Investigating Phishing with OSINT
When we are investigating a Phishing attack, it can happen that the malicious link inside of it is currently unavailable. But, fortunatelly to us, that are some ways to trace back how the links are.
First of all, let’s remember that Phishing is involved in a attack chain, on the Cyber Kill Chain, it’s part of the Delivery phase, and on the MITRE ATT&CK, it’s a technique of the Initial Access tactic.
So, according to the technique on MITRE ATT&CK: “Adversaries may send phishing messages to gain access to victim systems. All forms of phishing are electronically delivered social engineering. Phishing can be targeted, known as spearphishing. In spearphishing, a specific individual, company, or industry will be targeted by the adversary. More generally, adversaries can conduct non-targeted phishing, such as in mass malware spam campaigns.”
The page about this technique also descibes two ways which this kind of scam can occur: “Adversaries may send victims emails containing malicious attachments or links, typically to execute malicious code on victim systems.”

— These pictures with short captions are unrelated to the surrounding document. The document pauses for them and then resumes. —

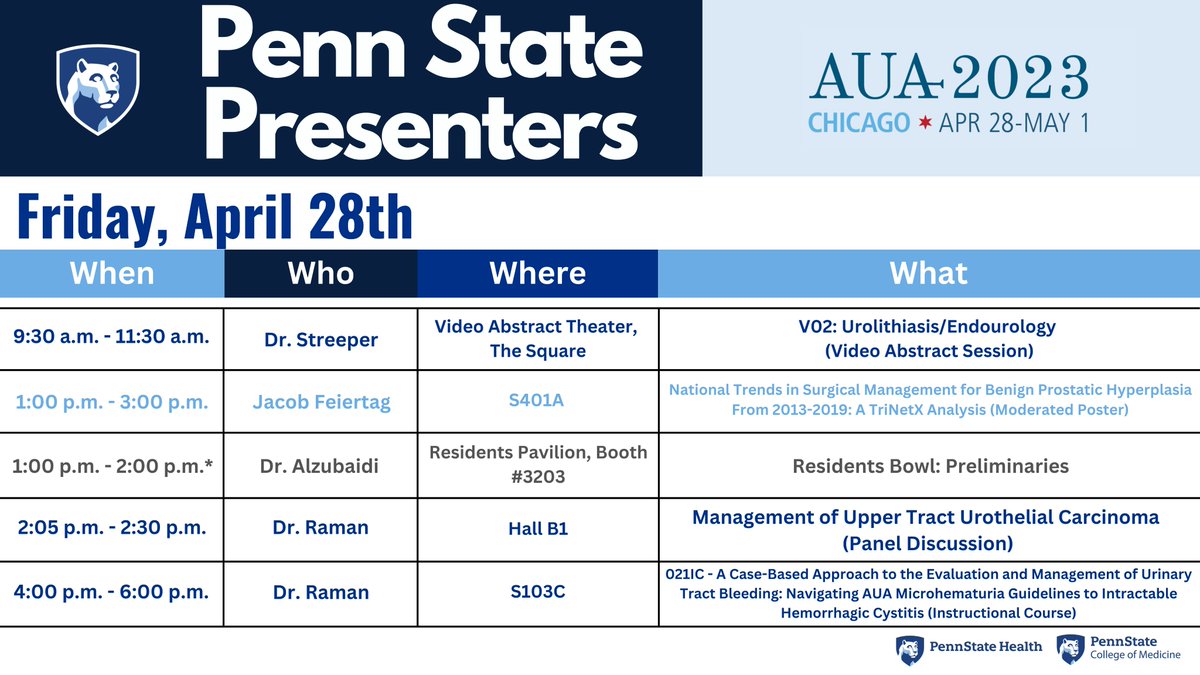 Penn State Urology (@psh_urology) on Twitter photo #AUA23 Check out these amazing sessions, posters and events today!! <a href="/NStreeps/">Necole Streeper</a> <a href="/urojdr/">Jay Raman</a> <a href="/AhmadAlZubeidi/">Ahmad AlZubaidi</a> <a href="/jacobfeiertag/">Jacob Feiertag, MD</a> #urology #UroSoMe #AUA23 Check out these amazing sessions, posters and events today!! <a href="/NStreeps/">Necole Streeper</a> <a href="/urojdr/">Jay Raman</a> <a href="/AhmadAlZubeidi/">Ahmad AlZubaidi</a> <a href="/jacobfeiertag/">Jacob Feiertag, MD</a> #urology #UroSoMe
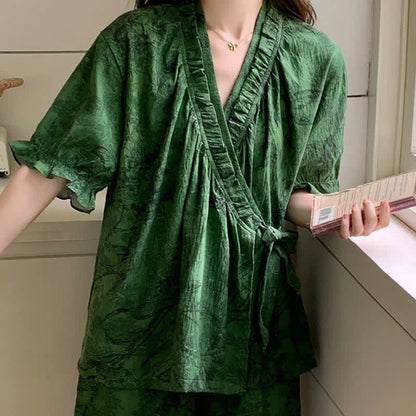 Stylish Botanical Ruffle Sleeve Pajama Set - image 4
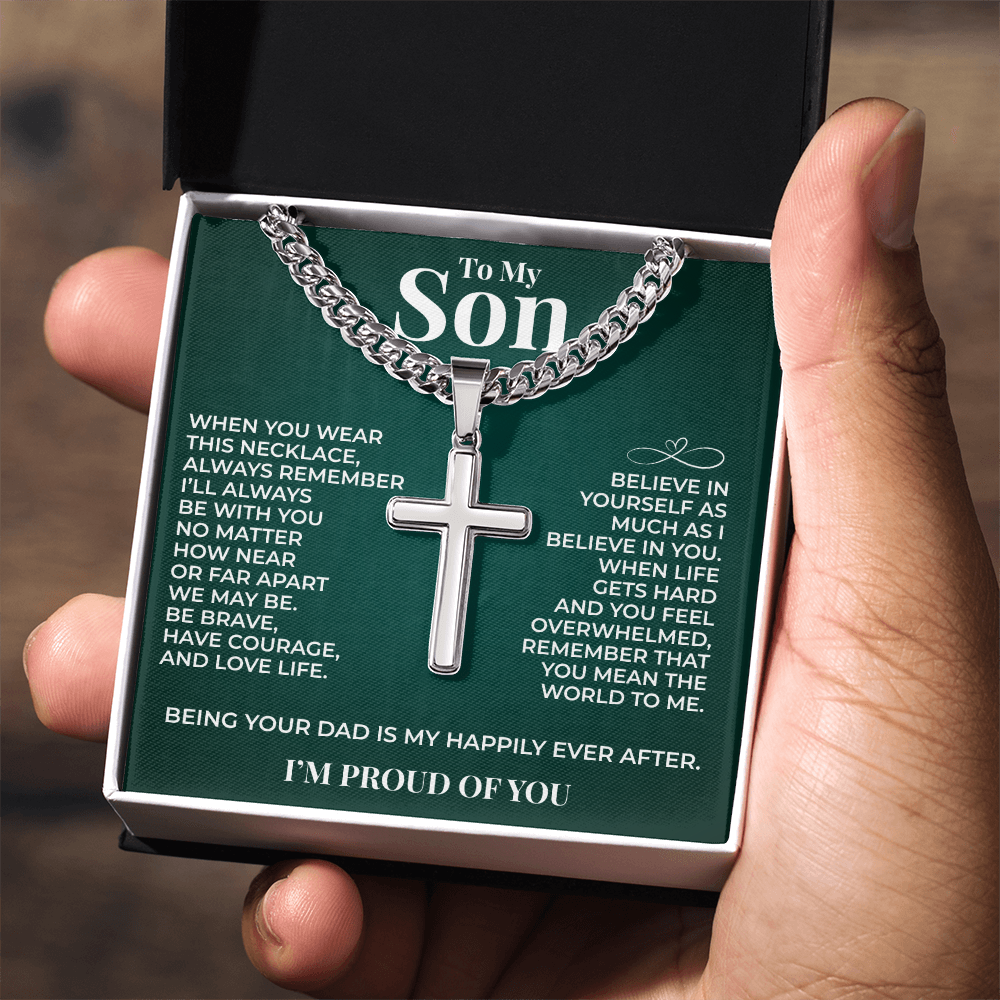 Cuban  Chain with Cross Necklace - To My Son "Believe In Yourself"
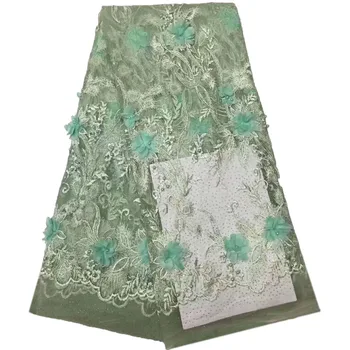 

Bridal Nigerian Wedding Lace Materials 3D Lace Fabric High Quality 2018 African Lace Fabric On Sale Beads Lace Fabric HJ926-2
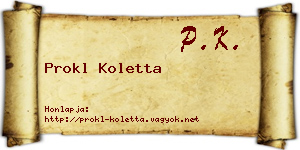 Prokl Koletta névjegykártya
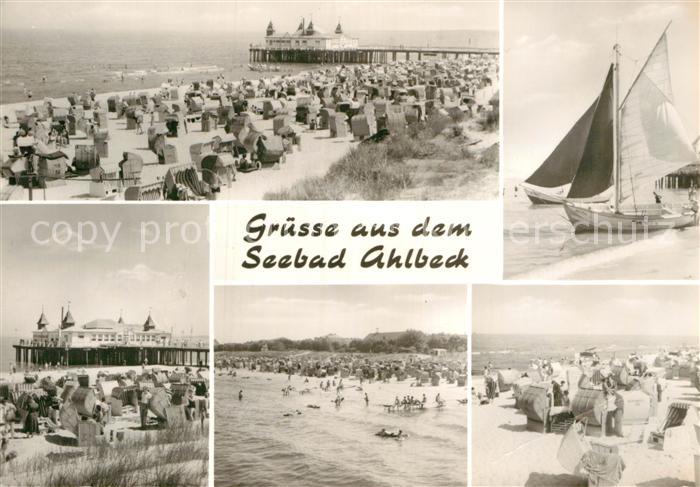 Ahlbeck Ostseebad Strandpartien Seebruecke Segelboote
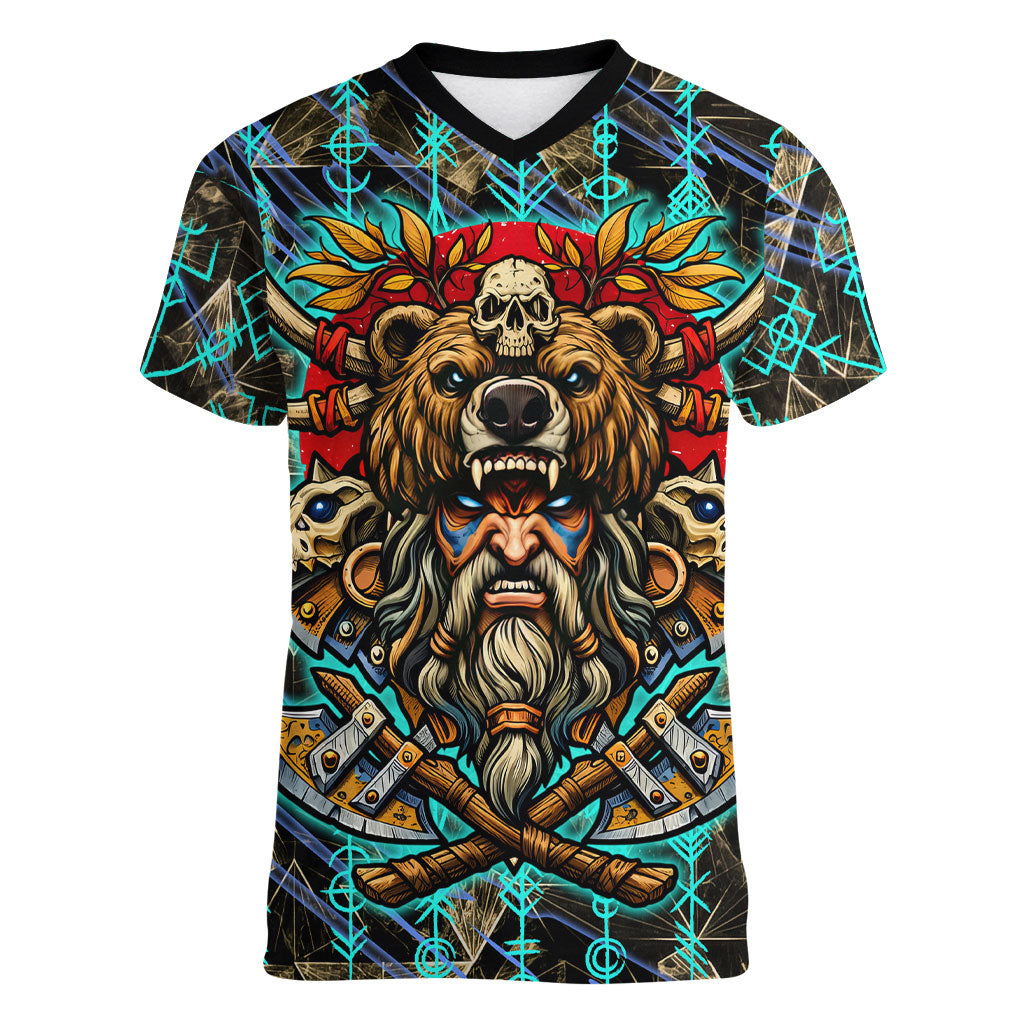 Viking Berserker Bear Warrior Women V-Neck T-Shirt Norse Mythology Rune Sigil Illustration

With that being said, we can see a Phishing message with a malicious link, and, when opened it in a sandbox, we deal with a HTML page with a 404 status, indicating that the page isn’t found. Let’s see an example with a PayPal scam.
In this case, we can search if this URL was already submitted on URLscan. If we, for example, tried to access the URL www.paypaldetails.com, it will be unavailable, but if we search the domain on URLscan, we can find results showing how the page was.
We can even have access to the source code of the page, to enumerate other pages or others domains associated to it.
Another common scam is with a fake Outlook login, since it’s easy to perform a reconnaissance to identify the email service assocociated to a business domain, as demonstrated in this video that I recorded. Outlook is also commonly used due to Azure AD (ooops… Entra ID).
In this example, we can see that the URL msnn-outlok365.hstn.me, now unavailable, can be seen in URLscan.
Another that can be used to investigate URLs that are unavailable is search for the DNS history and WHOIS history.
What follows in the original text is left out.